Only the lines from the one that contains "Apricot Chicken on" through the last line of the data below should be duplicated, exactly and without pictures.
----------
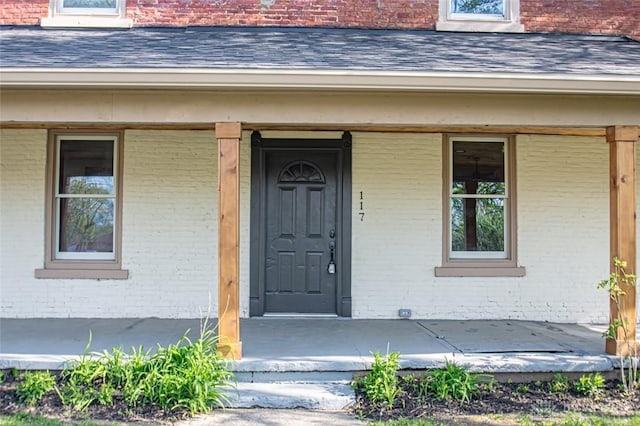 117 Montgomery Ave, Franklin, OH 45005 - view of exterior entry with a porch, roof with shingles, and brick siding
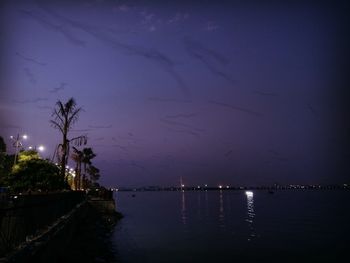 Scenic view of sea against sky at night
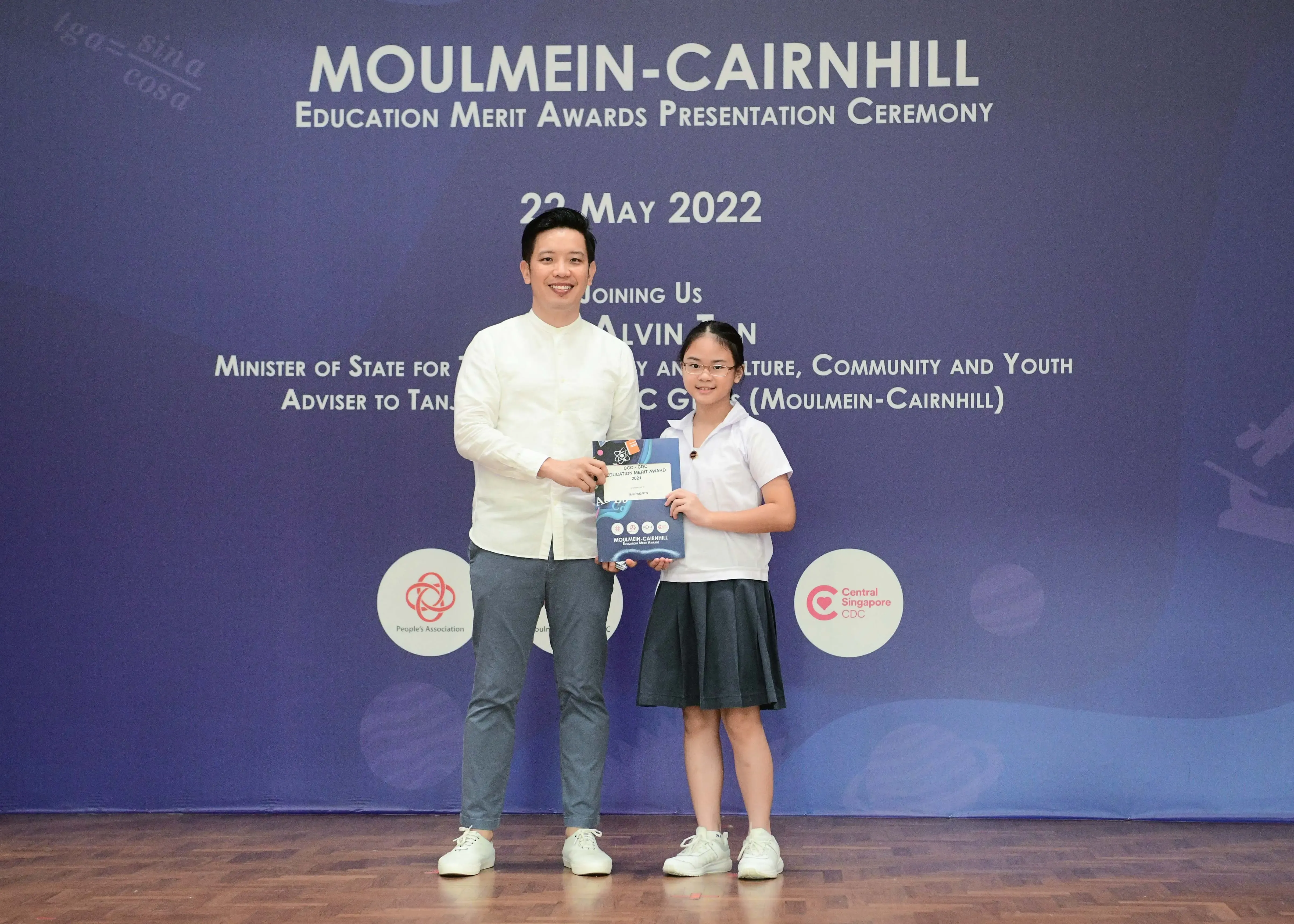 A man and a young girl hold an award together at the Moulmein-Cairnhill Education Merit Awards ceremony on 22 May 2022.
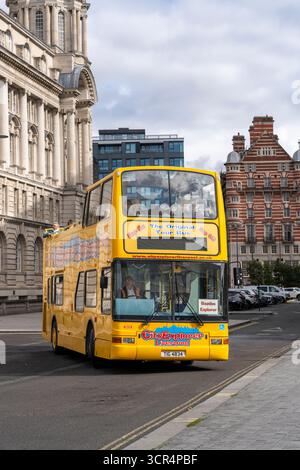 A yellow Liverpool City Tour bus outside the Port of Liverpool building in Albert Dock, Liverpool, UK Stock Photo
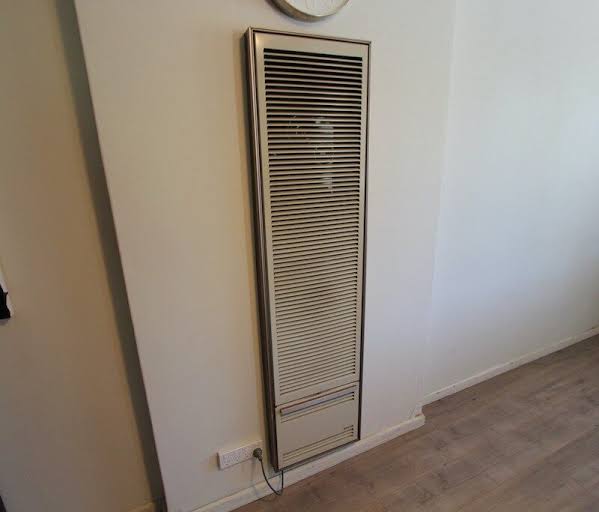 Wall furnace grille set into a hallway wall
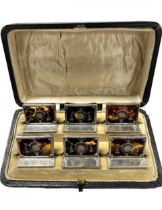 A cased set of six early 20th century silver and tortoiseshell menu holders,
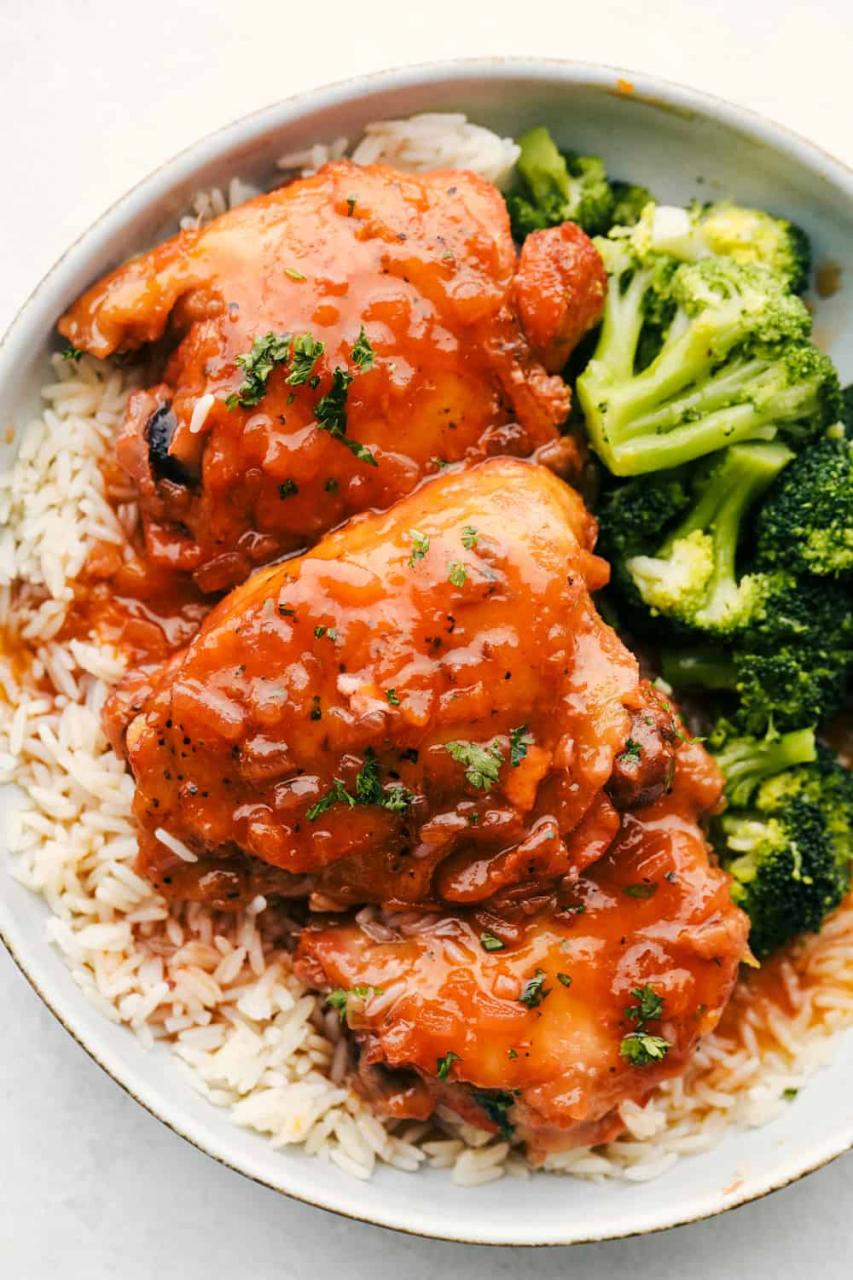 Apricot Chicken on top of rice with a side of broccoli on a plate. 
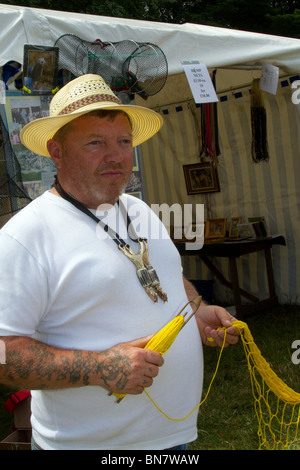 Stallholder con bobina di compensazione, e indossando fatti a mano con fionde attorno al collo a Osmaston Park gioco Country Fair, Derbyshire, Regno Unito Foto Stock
----------
_ANSWER TO THIS PROBLEM_
 Apricot Chicken on top of rice with a side of broccoli on a plate. 
 Stallholder con bobina di compensazione, e indossando fatti a mano con fionde attorno al collo a Osmaston Park gioco Country Fair, Derbyshire, Regno Unito Foto Stock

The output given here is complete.